What is expected –
Each of the records must appear again, exactly as it was written.

Records to use –

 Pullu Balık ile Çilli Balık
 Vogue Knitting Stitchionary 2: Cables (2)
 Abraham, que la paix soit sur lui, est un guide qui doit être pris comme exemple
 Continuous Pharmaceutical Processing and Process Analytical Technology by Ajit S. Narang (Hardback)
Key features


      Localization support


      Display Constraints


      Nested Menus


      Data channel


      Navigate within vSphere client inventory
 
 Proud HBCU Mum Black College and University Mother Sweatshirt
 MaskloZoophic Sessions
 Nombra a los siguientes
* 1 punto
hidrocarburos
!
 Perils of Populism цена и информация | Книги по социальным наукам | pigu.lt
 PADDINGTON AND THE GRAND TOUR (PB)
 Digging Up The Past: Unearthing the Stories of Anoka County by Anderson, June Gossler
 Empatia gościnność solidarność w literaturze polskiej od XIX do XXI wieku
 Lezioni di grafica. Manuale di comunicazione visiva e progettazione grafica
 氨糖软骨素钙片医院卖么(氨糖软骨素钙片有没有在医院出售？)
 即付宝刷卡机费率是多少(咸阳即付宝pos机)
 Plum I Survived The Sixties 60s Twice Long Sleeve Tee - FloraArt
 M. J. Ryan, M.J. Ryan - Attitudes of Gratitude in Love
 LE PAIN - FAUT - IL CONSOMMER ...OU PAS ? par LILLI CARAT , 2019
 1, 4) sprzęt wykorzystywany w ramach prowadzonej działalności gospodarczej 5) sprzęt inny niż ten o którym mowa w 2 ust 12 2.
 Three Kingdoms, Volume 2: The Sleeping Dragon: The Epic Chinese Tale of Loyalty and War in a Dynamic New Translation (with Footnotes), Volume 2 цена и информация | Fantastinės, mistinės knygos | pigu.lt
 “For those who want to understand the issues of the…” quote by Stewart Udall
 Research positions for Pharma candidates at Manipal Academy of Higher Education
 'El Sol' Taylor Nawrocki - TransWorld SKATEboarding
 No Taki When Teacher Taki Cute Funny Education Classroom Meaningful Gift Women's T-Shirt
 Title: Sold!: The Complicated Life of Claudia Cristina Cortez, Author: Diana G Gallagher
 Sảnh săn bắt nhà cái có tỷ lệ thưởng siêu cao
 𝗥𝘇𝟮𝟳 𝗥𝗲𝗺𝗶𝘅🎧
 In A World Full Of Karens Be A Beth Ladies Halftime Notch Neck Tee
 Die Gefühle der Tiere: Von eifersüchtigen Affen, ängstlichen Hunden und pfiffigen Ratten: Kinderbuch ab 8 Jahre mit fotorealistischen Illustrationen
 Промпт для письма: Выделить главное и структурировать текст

Answer for this exercise –
 Pullu Balık ile Çilli Balık
 Vogue Knitting Stitchionary 2: Cables (2)
 Abraham, que la paix soit sur lui, est un guide qui doit être pris comme exemple
 Continuous Pharmaceutical Processing and Process Analytical Technology by Ajit S. Narang (Hardback)
Key features


      Localization support


      Display Constraints


      Nested Menus


      Data channel


      Navigate within vSphere client inventory
 
 Proud HBCU Mum Black College and University Mother Sweatshirt
 MaskloZoophic Sessions
 Nombra a los siguientes
* 1 punto
hidrocarburos
!
 Perils of Populism цена и информация | Книги по социальным наукам | pigu.lt
 PADDINGTON AND THE GRAND TOUR (PB)
 Digging Up The Past: Unearthing the Stories of Anoka County by Anderson, June Gossler
 Empatia gościnność solidarność w literaturze polskiej od XIX do XXI wieku
 Lezioni di grafica. Manuale di comunicazione visiva e progettazione grafica
 氨糖软骨素钙片医院卖么(氨糖软骨素钙片有没有在医院出售？)
 即付宝刷卡机费率是多少(咸阳即付宝pos机)
 Plum I Survived The Sixties 60s Twice Long Sleeve Tee - FloraArt
 M. J. Ryan, M.J. Ryan - Attitudes of Gratitude in Love
 LE PAIN - FAUT - IL CONSOMMER ...OU PAS ? par LILLI CARAT , 2019
 1, 4) sprzęt wykorzystywany w ramach prowadzonej działalności gospodarczej 5) sprzęt inny niż ten o którym mowa w 2 ust 12 2.
 Three Kingdoms, Volume 2: The Sleeping Dragon: The Epic Chinese Tale of Loyalty and War in a Dynamic New Translation (with Footnotes), Volume 2 цена и информация | Fantastinės, mistinės knygos | pigu.lt
 “For those who want to understand the issues of the…” quote by Stewart Udall
 Research positions for Pharma candidates at Manipal Academy of Higher Education
 'El Sol' Taylor Nawrocki - TransWorld SKATEboarding
 No Taki When Teacher Taki Cute Funny Education Classroom Meaningful Gift Women's T-Shirt
 Title: Sold!: The Complicated Life of Claudia Cristina Cortez, Author: Diana G Gallagher
 Sảnh săn bắt nhà cái có tỷ lệ thưởng siêu cao
 𝗥𝘇𝟮𝟳 𝗥𝗲𝗺𝗶𝘅🎧
 In A World Full Of Karens Be A Beth Ladies Halftime Notch Neck Tee
 Die Gefühle der Tiere: Von eifersüchtigen Affen, ängstlichen Hunden und pfiffigen Ratten: Kinderbuch ab 8 Jahre mit fotorealistischen Illustrationen
 Промпт для письма: Выделить главное и структурировать текст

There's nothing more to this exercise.